The publication year may moderate the relationship between authoritative and neglectful parenting styles and sibling conflicts in a positive and significant way. Specifically, as time goes on, the authoritative parenting style might have a greater negative prediction, while neglectful parenting might have a greater positive prediction of sibling conflicts.
Publication bias analysis
The effect sizes of the relationships between five parenting styles and sibling conflicts examined in the study were all concentrated at the top of the symmetrical funnel plots. The funnel plots are shown in Figures 2–6. The combined effect sizes were located in the symmetrical midline of the funnel plots, and all studies were evenly distributed on both sides and were centered at the top of the funnel plots. The funnel plots demonstrated that there was no risk of publication bias. Considering the subjectivity of the graphic results, this study combined the fail-safe ratio Nfs and Egger’s linear regression to support the previously stated the conclusion of publication bias.
Figure 2. Funnel plot of the relationship between authoritative parenting and sibling conflicts studies.
Figure 3. Funnel plot of the relationship between authoritarian parenting and sibling conflicts studies.
Figure 4. Funnel plot of the relationship between indulgent parenting and sibling conflicts studies.
Figure 5. Funnel plot of the relationship between neglectful parenting and sibling conflicts studies.
Figure 6. Funnel plot of the relationship between inconsistent parenting and sibling conflicts studies.
The results of the Nfs test and Egger’s regression test are shown in Table 3. The fail-safe ratio revealed that a total of 1,556 studies with invalid results were required to invalidate the effect size for authoritative parenting style, 1,015 studies for authoritarian parenting, 894 studies for indulgent parenting style, 636 studies for neglecting parenting style, and a total of 552 invalid results studies were required to invalidate the effect size for inconsistent parenting style. These Nfs values were far greater than the values of 5k +10, indicating that the existing conclusions were not easily overturned, that there was no publication bias in the study, and that the conclusions were valid. In addition, Egger’s linear regression intercept was not significant (p > 0.050), which also proved that there was no publication bias in the study.
Discussion
The meta-analysis method was used in this study to conduct a quantitative and integrated analysis of 16 included articles on the relationships between parenting style and sibling conflicts. The total sample size was 14,356 and 55 effect sizes r were extracted from the included articles. Because of the high heterogeneity in this study, random-effect models were used to calculate all of the combined effect sizes. The combined effects of authoritative, authoritarian, indulgent, neglecting, and inconsistent parenting styles on sibling conflicts were calculated, respectively. Subgroup analyses using gender, mean age, region, outcome measure, and publication year as moderators explained the majority of the heterogeneity. Finally, the funnel plot, fail-safe ratio N test, and Egger’s linear regression were used to test the publication bias of this meta-analysis. The findings revealed that there was no publication bias, and the findings were stable and reliable.

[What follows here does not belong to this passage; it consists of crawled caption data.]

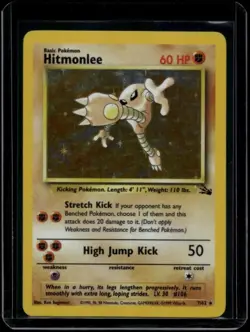 Pokemon TCG Hitmonlee 7/62 Fossil Holo Rare HP - Image 1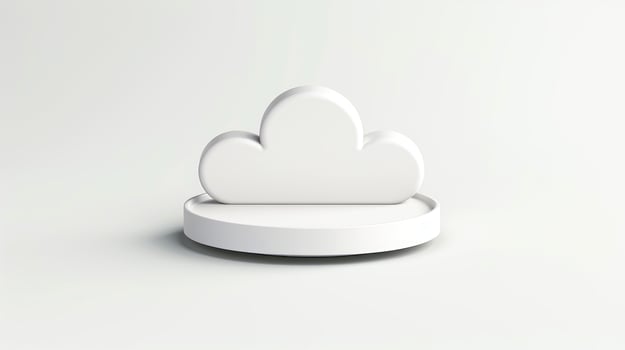 3D white cloud icon minimal style, cloud computing online service, digital technology security concept, Generative AI illustration photo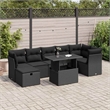 vidaXL 8 Piece Poly Rattan Sofa Set in Black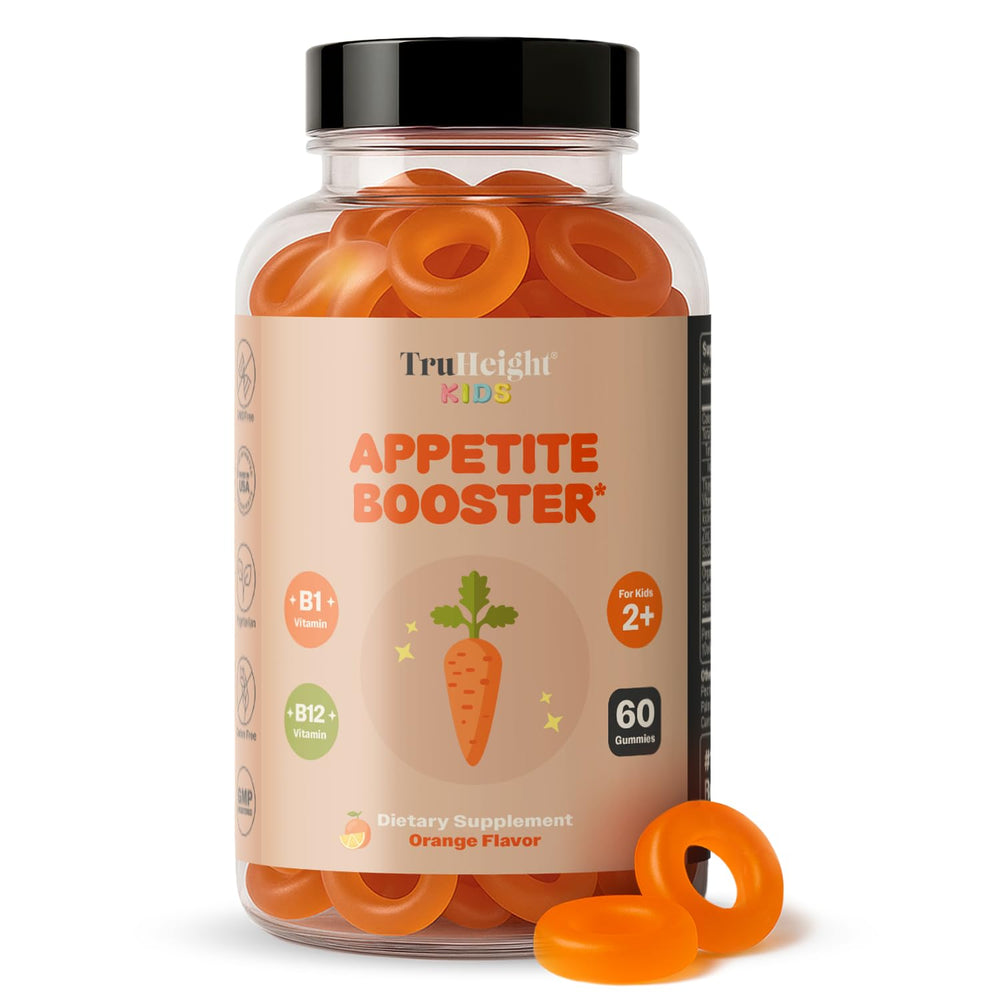 TruHeight gomitas frente del paquete mostrando sello de ingredientes naturales y beneficio apetito
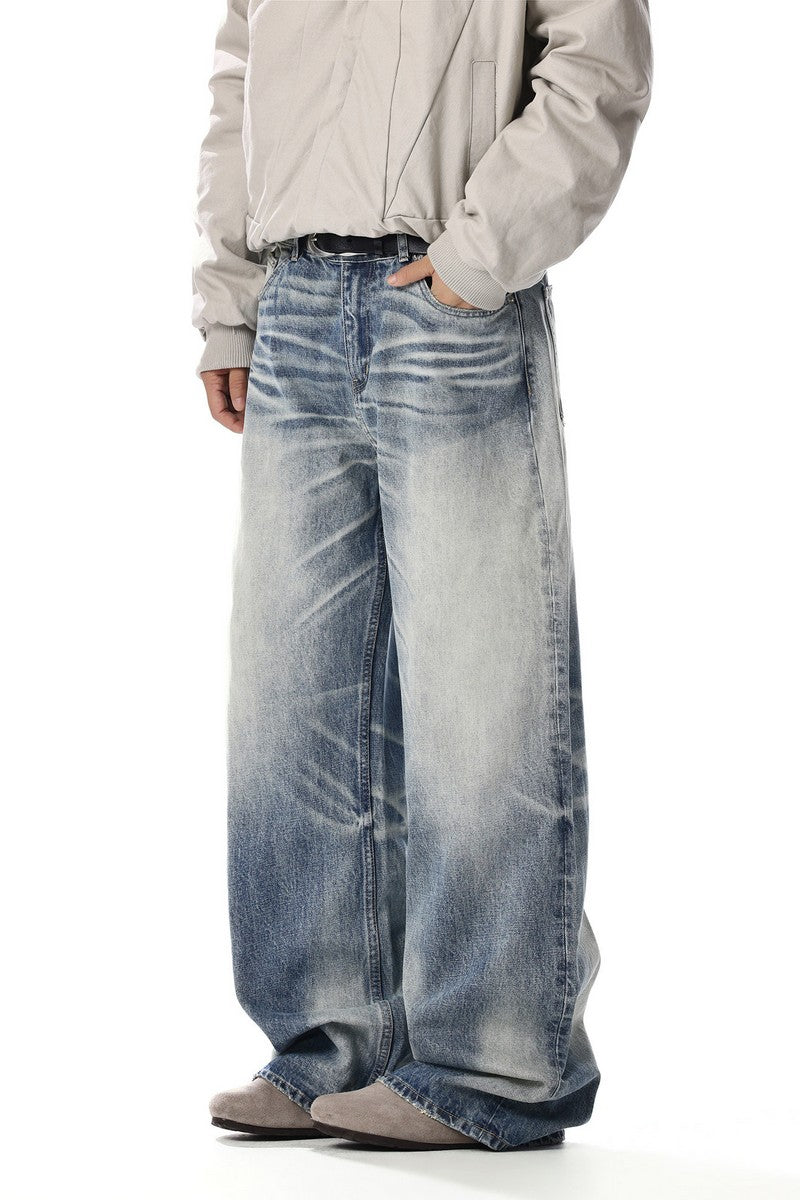 Hard Washed Straight Jeans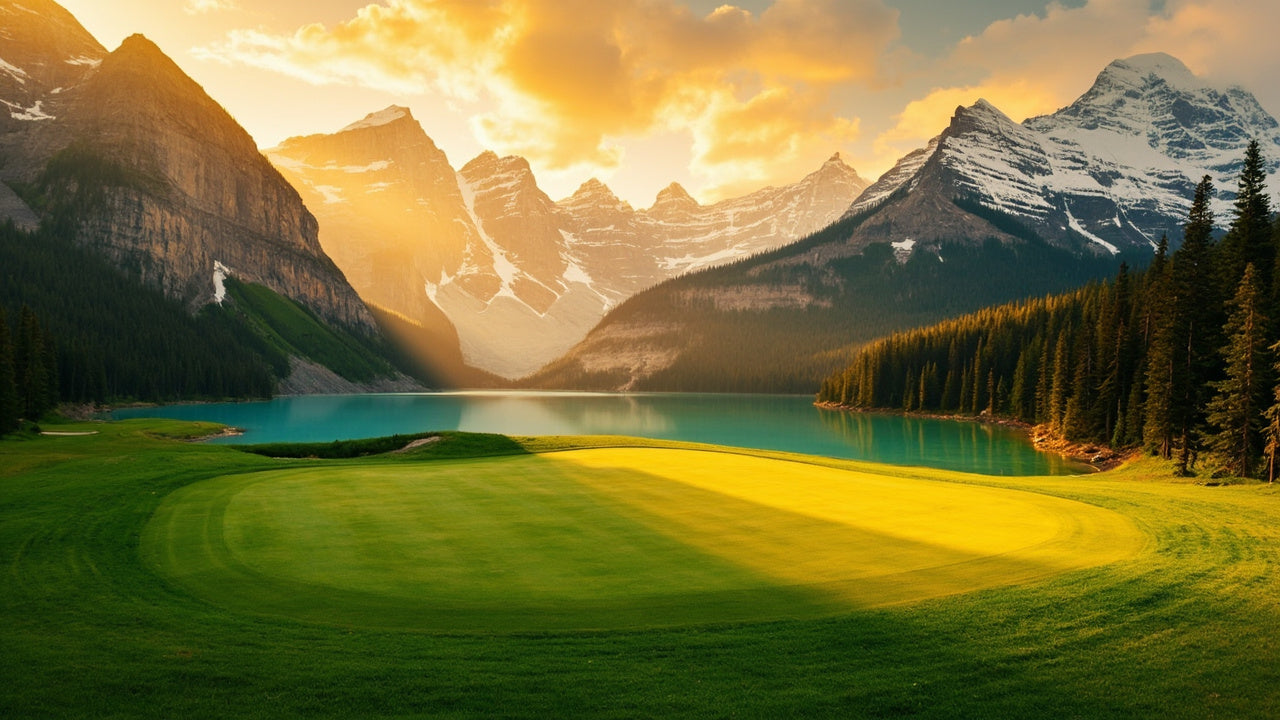 A golf green beside a turquoise glacial lake below snow-capped Rocky Mountain peaks at golden hour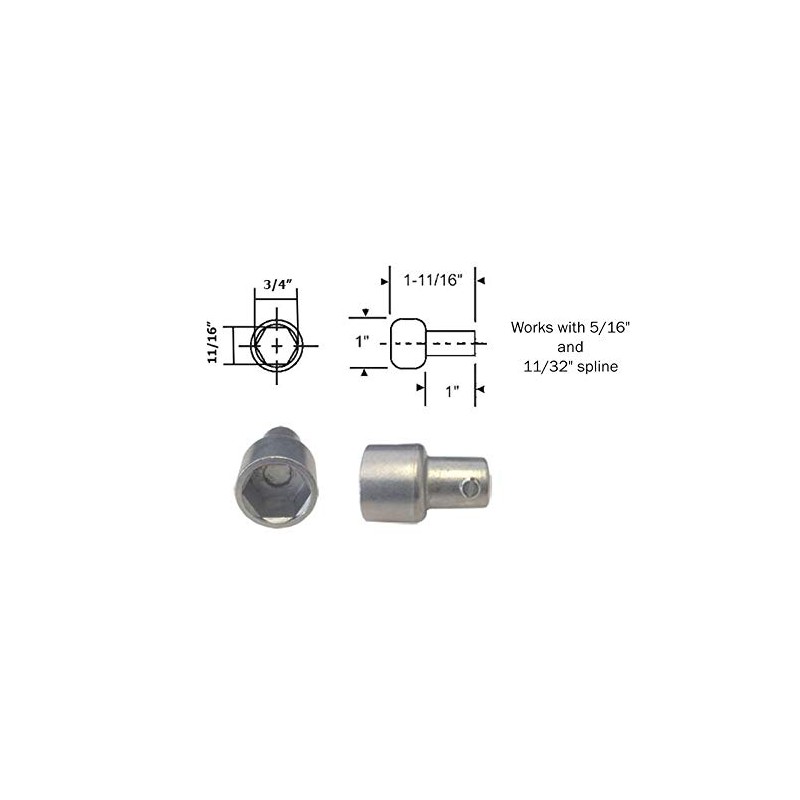 Replacement Hex Ball Adaptor for Skylight and Awning Window Operators,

The combined effects of the relationship between parenting style and sibling conflicts
The current meta-analysis found a small negative association between authoritative parenting and sibling conflicts, small positive relationships between authoritarian and indulgent parenting styles and sibling conflicts, and medium positive associations between neglectful and inconsistent parenting styles and sibling conflicts. These findings are consistent with some previous research both in Chinese and other contexts (Kim et al., 2006; Sun and Zhang, 2018; Yan et al., 2021). These findings are also consistent with the hypotheses of H1, H3, H4, and H5 proposed according to the social learning theory (Bandura and Walters, 1977) and the family systems theory (Bowen, 1974). Although the positive relationship between indulgent parenting and sibling conflicts does not support hypothesis H2, it is consistent with the findings of previous research (Mohammadi and Zarafshan, 2014; Yan et al., 2021).
The moderator analyses
In the current study, gender, age, and region of children, outcome measure, and publication year were used as moderating variables for subgroup analysis to explain heterogeneity in the calculation of the combined effects of five parenting styles and sibling conflicts.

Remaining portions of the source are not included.